▶ DATA RECORDS:
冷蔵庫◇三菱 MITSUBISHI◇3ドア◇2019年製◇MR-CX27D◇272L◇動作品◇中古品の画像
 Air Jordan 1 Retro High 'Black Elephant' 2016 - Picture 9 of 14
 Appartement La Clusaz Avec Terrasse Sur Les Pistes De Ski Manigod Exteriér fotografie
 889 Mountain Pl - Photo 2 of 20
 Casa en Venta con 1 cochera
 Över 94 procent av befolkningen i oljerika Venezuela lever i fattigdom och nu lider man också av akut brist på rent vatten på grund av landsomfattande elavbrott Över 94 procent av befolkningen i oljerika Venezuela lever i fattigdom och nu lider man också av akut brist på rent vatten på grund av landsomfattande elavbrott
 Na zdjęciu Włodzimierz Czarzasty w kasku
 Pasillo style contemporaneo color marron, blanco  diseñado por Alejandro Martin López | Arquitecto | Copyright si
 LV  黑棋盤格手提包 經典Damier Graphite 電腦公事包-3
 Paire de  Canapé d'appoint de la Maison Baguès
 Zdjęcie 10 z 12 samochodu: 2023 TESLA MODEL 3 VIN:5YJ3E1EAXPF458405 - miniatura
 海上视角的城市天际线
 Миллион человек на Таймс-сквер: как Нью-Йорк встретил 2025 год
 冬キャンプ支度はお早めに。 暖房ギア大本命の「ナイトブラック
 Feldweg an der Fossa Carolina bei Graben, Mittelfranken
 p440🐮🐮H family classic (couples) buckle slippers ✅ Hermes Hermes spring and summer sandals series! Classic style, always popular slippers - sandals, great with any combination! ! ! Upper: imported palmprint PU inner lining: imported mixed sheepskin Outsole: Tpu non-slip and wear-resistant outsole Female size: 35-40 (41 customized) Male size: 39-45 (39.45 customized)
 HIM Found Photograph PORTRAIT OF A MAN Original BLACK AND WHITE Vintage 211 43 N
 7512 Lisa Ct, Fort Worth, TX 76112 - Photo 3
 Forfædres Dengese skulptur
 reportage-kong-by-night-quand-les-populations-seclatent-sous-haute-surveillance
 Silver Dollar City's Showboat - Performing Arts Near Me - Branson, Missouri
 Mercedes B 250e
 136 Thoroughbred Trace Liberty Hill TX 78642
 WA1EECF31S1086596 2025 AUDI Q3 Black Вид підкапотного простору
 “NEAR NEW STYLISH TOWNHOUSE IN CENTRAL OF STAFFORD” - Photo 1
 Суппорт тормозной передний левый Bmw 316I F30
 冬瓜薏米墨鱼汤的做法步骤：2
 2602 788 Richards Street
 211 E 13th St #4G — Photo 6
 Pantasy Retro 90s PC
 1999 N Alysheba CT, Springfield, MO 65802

▶ WORK REQUIRED: Wherever a line above contains the string "Retro", copy that line.

▶ OUTPUT FOR THIS EXERCISE:
 Air Jordan 1 Retro High 'Black Elephant' 2016 - Picture 9 of 14
 Pantasy Retro 90s PC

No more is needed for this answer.